Have mercy on our remembrances…

Sunday 1 May 2011, 4.54am HKT


First of May — May Day’s the name, Labour Day’s the game, or Divine Mercy Sunday for the tame.

Nearly half the year’s gone. Time to bitch and sound off about being old enough to remember things or too late to die young.

They didn’t say life wasn’t a gamble…

* * *

R E M E M B E R   W H E N …

… all the best movie or TV themes were from before the mid-80s?

Like “Mannix” or “The Streets of San Francisco” or “Miami Vice.” Or movies like “Grease” and “Saturday Night Fever,” including “Terminator” and “Star Wars.”

Anything. Please.

Modern stuff is awful, and many classic themes were ruined in the ’90s by ‘watering’ the original down to try and update it. Terrible.

* * *

… you could do a TV science programme with actual science in it?

Like “Tomorrow’s World” and “Horizon.” Now everyone’s so thick they can’t even understand the concept of a test tube. Unless its got “environmentally friendly” written on it…

* * *

… you had courtroom drama on TV with real law in it?

On every midday, just after court hearings break for luncheon

Like “Crown Court” on BBC every midday gave us painstakingly, laboriously authentic dramatisation of typical English Crown Court trials of the 70s and 80s.

Why have they never released this programme on DVD or ever repeated it on Gold TV stations (or anywhere else on this planet, for that matter)?

This TV courtroom drama series was way, way, way f@@king better than most being made today.

* * *

… you really thought phone calls with video really were for business purposes?

The General Post Office in the UK actually made promotional videos about videocalls back in the 1960s and ’70s, set for widespread home use by the 1990s.

(Yup, they said the same thing about flying cars — so where the bloody hell are they?)

Instead of “Hello Miss Jones, please send me over the the plans for XYZ,” as soon as any technology get into the hands of the plebs and the common man, it ends up “Hello Miss Jones, please take off that blouse and jiggle a bit.”

* * *

… you got to see real up-and-coming new musical acts on telly, and had places to go to, to see them perform?

★ The world’s greatest TV music show ★

The Old Grey Whistle Test” came on BBC2 at midnight, presented by Annie Nightingale plus a few others.

(Annie’s now 69 and STILL DJ’ing on BBC Radio 1 — f@#k…).

And you thought the Beeb was fuddy-duddy. We watched a stream of incredible talents on OGWT (and paid no attention to) more times than the sum of indie/alt/whatever music everyone now watches or listens.

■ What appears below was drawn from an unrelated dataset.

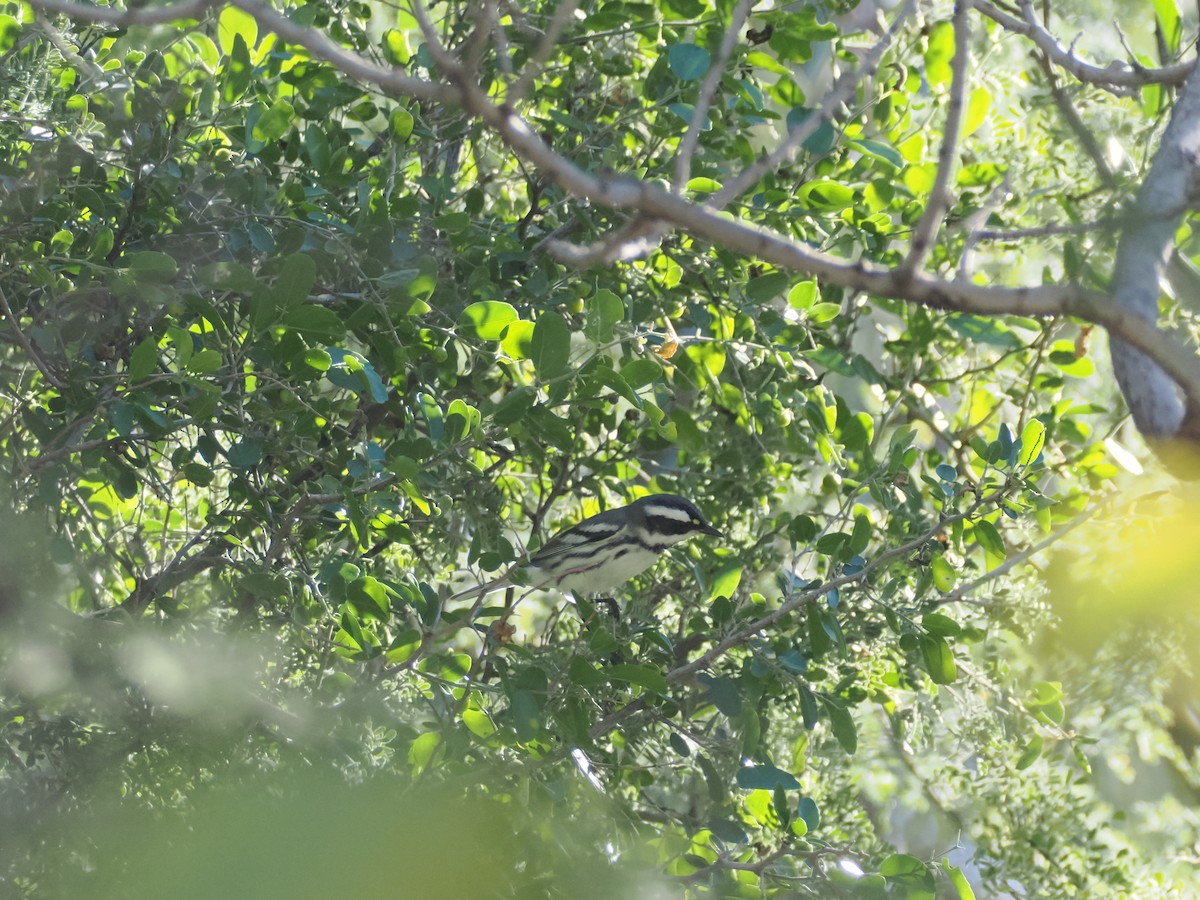 ノドグロハイアメリカムシクイ - ML646023003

The OGWT theme is “Stone Fox Chase” by a Nashville band called Area Code 615. (Val Doonican and Charlie McCoy played it live in 1978.) The theme must surely be the meme that defined a generation.

★ The world’s greatest gig venue ★

The Marquee Club on 90 Wardour Street, London … well, every major rock band of note played on the tiny stage there from the 50s, 60s, 70s and 80s.

(Above) When it was still around in the mid-80s. Buildings and site now demolished.

(Below) The pub across the street called The Intrepid Fox.

Trivia: There used to be a Letraset retail outlet about two shop spaces from The Marquee.

Yeah, I got no excuse. I was born lucky, so deal with it. At the Marquee, we got to see (in addition to listening the music):

  • punk rock (incl. garage rock, protopunk, Nazi punk)
  • skinheads with their rude boy look of pork pie hats and too-short Levis jeans
  • New Wave
  • Teddy boys already in their forties and fifties then
  • Mods
  • Quadrophenia hangers-on
  • blues
  • hard, metal, goth and whatever rock groupie chicks (lots of!)
  • New Age hippies
  • Mother Earth hippies
  • ex-‘Nam “Death From Above” vet hippies
  • dodged-the-draft hippies
  • acid hippies
  • clean-body-clean-mind-Born-Again-Christian hippies
  • Hillybilly rock
  • Metal biker rockers
  • Greaseball rock n’roll
  • disco, frisko, be-bop, soda pop, pop, funk rock, glam rock, pub rock, surf rock, dandy rock jock
  • Beach Boys
  • Lynard Skynard and “Sweet Home Alabama”
  • African-American soul
  • Raggae
  • Jamaican ska
  • rocksteady
  • electro-eklectro
  • Country & Western, and a bit of C’untree & We’t-at-the-Stern (geddit???)
  • f@#king gigantic bouncers with big hands and bald heads
  • blacks who can speak tone-perfect Cantonese as backup bouncers after finishing their kitchen shifts at the Chinese restaurants
  • dada, dada, dada … enough said.

All we have now are just rap, hip-hop, emo and goth. Bollocks.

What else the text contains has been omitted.